Great Auk, Pinguinus impennis

Great Auk on an ocean ice sheet

Great Auks were large, flightless seabirds that bred in colonies on rocky islands in the North Atlantic, particularly off the coasts of Canada, Greenland, Iceland, and Northern Europe during the spring and summer months. They were once called penguins.

Great Auks were commonly found on isolated, rocky islets and coastal cliffs with abundant nesting crevices away from terrestrial predators.

They foraged in cold, nutrient-rich waters, diving to considerable depths to catch fish such as capelin, Atlantic herring, and sand lance. They also fed on crustaceans like amphipods and other marine invertebrates.

Great Auks had streamlined bodies and powerful, flipper-like wings that enabled them to swim and dive with remarkable agility. They could stay underwater for extended periods and reach significant depths to capture their prey.

Great Auks were distinguished by their large size, black and white plumage, and a distinctive white patch in front of each eye. Their short, robust beaks were adapted for catching and holding slippery fish.

Courtship involved mutual preening and vocalizations. Pairs often engaged in synchronized movements and displays on land and in the water, reinforcing their pair bonds.

Nests were simple scrapes on bare rock or shallow depressions lined with pebbles and vegetation.
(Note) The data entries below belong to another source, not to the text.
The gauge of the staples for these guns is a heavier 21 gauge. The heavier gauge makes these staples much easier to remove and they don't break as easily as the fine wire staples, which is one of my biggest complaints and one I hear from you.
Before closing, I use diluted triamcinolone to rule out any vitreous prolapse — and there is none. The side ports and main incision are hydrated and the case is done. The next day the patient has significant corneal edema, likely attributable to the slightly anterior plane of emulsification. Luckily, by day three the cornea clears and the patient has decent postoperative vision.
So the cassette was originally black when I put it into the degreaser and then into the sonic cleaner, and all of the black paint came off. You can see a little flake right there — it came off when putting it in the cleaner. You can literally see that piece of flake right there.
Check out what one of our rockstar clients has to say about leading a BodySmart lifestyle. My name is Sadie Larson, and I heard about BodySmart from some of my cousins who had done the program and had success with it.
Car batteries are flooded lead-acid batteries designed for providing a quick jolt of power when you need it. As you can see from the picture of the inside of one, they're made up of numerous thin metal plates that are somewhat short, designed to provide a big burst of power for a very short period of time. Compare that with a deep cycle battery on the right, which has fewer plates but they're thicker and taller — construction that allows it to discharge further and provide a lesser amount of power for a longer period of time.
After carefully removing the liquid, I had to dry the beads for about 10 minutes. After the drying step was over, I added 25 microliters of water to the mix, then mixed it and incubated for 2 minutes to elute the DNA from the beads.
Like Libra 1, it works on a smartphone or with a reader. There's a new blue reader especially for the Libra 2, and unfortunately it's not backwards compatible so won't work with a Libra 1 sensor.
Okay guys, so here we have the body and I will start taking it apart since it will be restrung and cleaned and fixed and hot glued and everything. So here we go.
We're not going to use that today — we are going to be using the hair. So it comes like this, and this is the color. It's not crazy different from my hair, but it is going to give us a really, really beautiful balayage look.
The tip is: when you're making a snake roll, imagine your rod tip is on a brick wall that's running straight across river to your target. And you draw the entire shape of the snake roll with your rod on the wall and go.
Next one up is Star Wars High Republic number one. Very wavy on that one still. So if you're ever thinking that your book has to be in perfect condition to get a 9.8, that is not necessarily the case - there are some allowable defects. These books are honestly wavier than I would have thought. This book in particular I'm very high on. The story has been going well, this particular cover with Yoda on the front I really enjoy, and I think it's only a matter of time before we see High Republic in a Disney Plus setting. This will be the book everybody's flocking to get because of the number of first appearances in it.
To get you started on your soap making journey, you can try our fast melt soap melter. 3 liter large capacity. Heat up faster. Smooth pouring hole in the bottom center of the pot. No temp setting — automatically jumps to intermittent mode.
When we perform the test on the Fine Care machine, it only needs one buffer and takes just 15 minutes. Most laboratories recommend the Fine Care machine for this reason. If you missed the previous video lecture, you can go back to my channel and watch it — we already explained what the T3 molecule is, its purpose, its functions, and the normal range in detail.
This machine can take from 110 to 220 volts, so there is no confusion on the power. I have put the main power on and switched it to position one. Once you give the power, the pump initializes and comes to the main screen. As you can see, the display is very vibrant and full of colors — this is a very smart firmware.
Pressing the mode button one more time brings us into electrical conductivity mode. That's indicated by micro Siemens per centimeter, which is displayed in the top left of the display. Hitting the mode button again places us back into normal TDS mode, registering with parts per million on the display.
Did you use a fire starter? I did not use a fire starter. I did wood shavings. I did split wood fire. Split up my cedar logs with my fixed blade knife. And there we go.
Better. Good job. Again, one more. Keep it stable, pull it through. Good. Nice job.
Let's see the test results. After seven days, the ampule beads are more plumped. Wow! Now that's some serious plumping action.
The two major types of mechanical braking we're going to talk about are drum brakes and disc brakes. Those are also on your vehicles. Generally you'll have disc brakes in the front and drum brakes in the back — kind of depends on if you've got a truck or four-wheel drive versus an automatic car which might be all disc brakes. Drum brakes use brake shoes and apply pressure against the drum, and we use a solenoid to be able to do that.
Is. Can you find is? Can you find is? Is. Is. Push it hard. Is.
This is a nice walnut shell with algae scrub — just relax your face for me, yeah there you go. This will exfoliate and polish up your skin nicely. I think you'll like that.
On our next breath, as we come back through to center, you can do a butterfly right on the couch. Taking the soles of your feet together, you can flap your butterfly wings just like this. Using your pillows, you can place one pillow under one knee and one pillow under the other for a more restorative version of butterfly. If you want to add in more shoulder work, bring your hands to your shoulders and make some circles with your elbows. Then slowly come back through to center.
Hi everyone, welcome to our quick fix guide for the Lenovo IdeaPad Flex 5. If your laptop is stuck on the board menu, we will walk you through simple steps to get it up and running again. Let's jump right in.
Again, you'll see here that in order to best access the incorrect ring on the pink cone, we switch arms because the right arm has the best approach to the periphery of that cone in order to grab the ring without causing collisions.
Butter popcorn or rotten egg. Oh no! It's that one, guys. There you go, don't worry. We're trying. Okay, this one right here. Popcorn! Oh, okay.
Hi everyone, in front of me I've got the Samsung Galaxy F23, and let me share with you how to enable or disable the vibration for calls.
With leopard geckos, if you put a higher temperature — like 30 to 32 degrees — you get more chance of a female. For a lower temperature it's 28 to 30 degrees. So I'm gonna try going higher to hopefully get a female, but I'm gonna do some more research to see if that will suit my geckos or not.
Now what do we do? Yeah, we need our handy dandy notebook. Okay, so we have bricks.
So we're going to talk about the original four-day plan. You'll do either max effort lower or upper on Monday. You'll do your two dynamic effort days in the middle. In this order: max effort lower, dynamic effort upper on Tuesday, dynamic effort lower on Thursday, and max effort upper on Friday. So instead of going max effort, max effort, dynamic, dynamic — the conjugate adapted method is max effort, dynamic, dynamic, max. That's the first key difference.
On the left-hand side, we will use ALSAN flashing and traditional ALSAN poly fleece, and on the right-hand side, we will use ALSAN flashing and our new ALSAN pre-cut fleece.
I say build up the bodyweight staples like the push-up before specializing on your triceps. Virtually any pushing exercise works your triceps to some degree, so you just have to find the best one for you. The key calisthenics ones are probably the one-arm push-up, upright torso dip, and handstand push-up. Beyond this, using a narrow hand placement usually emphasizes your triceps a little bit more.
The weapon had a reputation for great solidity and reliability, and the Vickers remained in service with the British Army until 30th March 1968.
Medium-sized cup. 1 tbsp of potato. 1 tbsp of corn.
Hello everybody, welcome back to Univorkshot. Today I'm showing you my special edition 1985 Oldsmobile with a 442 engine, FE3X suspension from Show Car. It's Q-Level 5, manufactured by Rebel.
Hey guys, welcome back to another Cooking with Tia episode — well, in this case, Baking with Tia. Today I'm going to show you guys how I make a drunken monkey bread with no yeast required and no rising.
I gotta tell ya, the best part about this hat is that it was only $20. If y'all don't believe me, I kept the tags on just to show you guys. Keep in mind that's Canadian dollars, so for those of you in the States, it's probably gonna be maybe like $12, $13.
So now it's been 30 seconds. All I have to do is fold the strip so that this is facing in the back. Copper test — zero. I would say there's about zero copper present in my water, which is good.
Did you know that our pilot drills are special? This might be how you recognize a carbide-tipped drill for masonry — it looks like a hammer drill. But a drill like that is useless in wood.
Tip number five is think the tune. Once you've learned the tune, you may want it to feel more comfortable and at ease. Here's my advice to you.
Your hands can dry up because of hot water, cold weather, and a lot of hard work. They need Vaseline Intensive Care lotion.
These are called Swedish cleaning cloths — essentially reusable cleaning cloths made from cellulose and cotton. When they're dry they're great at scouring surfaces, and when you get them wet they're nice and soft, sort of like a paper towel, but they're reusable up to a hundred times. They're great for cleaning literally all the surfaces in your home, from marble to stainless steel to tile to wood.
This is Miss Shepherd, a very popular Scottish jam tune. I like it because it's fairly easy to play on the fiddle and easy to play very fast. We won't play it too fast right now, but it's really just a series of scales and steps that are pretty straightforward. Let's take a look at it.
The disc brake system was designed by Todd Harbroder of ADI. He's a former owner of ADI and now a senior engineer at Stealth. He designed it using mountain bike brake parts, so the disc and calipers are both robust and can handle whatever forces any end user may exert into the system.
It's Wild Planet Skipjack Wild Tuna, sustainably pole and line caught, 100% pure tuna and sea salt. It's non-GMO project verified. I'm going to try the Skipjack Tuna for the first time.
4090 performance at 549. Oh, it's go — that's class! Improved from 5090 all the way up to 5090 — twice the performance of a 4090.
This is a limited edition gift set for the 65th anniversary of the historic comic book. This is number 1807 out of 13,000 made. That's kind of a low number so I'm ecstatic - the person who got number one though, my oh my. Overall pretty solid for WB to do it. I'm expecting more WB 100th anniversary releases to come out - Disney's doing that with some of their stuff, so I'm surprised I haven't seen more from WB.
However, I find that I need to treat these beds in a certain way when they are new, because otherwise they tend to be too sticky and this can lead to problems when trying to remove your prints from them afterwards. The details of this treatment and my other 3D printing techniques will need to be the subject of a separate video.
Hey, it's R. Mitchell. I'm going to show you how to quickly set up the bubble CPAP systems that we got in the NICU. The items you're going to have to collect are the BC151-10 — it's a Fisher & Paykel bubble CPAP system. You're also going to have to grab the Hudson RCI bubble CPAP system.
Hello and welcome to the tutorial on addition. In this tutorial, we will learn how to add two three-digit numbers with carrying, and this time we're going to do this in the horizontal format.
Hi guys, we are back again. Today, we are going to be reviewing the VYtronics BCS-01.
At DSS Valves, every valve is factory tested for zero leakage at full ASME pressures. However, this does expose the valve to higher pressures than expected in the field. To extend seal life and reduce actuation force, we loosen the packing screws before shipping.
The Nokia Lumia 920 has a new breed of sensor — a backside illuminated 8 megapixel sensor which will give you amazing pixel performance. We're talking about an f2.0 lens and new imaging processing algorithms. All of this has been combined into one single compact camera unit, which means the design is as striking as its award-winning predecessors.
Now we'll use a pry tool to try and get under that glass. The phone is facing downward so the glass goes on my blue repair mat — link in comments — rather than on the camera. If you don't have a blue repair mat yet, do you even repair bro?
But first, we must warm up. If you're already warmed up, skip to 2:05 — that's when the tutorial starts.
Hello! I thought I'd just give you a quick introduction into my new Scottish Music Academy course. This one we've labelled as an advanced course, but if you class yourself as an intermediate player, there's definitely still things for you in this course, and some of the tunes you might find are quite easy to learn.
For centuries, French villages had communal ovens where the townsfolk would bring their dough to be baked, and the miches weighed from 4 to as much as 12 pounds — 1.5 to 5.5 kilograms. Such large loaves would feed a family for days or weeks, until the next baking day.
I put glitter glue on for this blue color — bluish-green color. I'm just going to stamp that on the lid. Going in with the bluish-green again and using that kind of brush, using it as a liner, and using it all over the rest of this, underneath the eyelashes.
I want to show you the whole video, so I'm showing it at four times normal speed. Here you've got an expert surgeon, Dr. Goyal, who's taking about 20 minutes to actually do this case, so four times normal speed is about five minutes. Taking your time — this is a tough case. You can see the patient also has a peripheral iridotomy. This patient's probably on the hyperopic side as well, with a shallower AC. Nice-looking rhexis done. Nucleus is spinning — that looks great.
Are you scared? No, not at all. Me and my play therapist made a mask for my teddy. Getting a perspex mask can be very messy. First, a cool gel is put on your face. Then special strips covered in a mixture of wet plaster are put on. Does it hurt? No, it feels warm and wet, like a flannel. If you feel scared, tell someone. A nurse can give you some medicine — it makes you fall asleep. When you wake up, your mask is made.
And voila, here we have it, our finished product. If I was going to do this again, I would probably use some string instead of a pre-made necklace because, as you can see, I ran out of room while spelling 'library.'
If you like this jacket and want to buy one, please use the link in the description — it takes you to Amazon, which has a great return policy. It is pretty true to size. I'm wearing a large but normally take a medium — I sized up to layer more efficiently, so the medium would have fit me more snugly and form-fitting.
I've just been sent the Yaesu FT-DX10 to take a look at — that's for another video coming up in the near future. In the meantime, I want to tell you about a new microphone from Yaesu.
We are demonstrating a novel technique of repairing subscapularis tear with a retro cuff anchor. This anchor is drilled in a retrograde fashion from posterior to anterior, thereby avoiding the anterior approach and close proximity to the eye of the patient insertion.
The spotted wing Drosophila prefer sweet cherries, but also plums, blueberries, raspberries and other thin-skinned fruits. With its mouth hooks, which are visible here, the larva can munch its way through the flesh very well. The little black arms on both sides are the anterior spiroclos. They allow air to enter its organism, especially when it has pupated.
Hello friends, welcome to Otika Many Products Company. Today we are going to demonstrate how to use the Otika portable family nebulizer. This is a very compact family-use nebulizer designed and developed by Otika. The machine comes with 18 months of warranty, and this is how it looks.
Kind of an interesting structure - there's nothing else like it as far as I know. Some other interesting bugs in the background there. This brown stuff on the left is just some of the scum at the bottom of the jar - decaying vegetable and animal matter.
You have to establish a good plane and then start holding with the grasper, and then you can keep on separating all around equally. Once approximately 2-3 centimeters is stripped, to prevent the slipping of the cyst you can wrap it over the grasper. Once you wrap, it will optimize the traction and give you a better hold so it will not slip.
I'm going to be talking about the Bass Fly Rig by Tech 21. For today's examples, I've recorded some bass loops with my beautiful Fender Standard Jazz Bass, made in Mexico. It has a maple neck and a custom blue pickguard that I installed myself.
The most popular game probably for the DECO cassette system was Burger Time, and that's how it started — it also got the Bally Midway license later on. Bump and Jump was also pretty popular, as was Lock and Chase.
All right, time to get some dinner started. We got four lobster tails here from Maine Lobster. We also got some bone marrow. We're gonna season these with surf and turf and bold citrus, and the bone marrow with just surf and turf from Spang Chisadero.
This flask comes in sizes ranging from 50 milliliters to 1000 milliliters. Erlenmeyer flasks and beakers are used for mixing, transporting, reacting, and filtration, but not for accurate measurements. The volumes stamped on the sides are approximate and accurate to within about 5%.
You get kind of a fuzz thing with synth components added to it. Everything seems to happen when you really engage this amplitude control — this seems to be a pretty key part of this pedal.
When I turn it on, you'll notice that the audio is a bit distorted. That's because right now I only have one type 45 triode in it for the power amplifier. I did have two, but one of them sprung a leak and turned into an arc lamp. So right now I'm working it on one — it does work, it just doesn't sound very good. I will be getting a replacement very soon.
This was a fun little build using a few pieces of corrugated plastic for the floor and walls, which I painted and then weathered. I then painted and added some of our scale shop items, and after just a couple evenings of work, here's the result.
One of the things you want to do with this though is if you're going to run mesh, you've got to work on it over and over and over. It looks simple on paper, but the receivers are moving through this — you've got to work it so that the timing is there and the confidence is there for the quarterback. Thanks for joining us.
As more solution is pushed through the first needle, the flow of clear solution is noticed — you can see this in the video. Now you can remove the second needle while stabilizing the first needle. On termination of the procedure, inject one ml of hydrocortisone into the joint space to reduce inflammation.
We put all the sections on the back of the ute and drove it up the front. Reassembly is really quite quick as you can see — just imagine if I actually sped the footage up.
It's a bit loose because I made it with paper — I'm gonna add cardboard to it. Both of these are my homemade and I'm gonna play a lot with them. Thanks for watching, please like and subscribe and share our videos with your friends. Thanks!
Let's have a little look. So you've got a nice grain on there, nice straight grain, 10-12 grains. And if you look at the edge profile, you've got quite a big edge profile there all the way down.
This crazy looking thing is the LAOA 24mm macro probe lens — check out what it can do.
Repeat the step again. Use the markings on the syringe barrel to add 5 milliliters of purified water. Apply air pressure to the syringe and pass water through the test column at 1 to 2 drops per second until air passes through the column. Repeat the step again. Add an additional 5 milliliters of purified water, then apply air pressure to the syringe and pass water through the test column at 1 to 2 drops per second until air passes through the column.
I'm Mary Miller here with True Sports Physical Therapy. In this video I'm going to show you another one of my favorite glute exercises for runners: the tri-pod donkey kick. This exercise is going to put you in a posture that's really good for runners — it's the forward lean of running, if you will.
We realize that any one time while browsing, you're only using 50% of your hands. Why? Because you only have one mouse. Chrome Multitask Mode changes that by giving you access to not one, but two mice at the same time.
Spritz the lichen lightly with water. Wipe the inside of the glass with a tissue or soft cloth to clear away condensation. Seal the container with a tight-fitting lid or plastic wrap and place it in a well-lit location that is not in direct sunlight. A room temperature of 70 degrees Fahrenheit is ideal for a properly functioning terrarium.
Nesting colonies were dense, with pairs nesting close together on cliffs and rocky outcrops. Egg-laying occurred in late spring to early summer.

Females laid a single egg, which both parents incubated for about 39-44 days. After hatching, both adults fed the chick with regurgitated fish and crustaceans.

Chicks learned to forage by following their parents to the water, observing their diving and hunting techniques. As they grew, they became more adept at catching prey. Vulnerabilities included predation by gulls and skuas, as well as human disturbance.

Great Auks did not migrate long distances but dispersed widely across the North Atlantic outside the breeding season, frequenting coastal waters where they could find abundant fish and crustaceans.

The decline and eventual extinction of Great Auks were driven by intense hunting for their meat, feathers, and oil, as well as the collection of their eggs. By the mid-19th century, over-exploitation and habitat disturbances led to their extinction, with the last confirmed sighting in 1852.

Great Auks were heavily exploited for their meat, eggs, and feathers, especially from the 16th century onwards. Overhunting for food and down feathers, used in pillows and clothing, significantly reduced their populations. Their eggs were also collected extensively, and they were often captured and killed for their skins, which were used in museums and private collections. The Great Auk’s decline accelerated in the early 19th century as demand for their products increased.

Efforts to protect Great Auks were minimal during their existence due to limited awareness of conservation needs and the lack of organized conservation movements at the time. Laws against hunting Great Auks on both sides of the Atlantic were unenforceable and ignored. By the time their critical situation was recognized, the population had dwindled too far to be saved. The last confirmed breeding pair was killed in 1844 on Eldey Island, Iceland, marking the species’ extinction.

Occasional reports of sightings motivated expeditions to remote islands and coasts of the North Atlantic during the mid to late 19th and early 20th centuries but none were substantiated.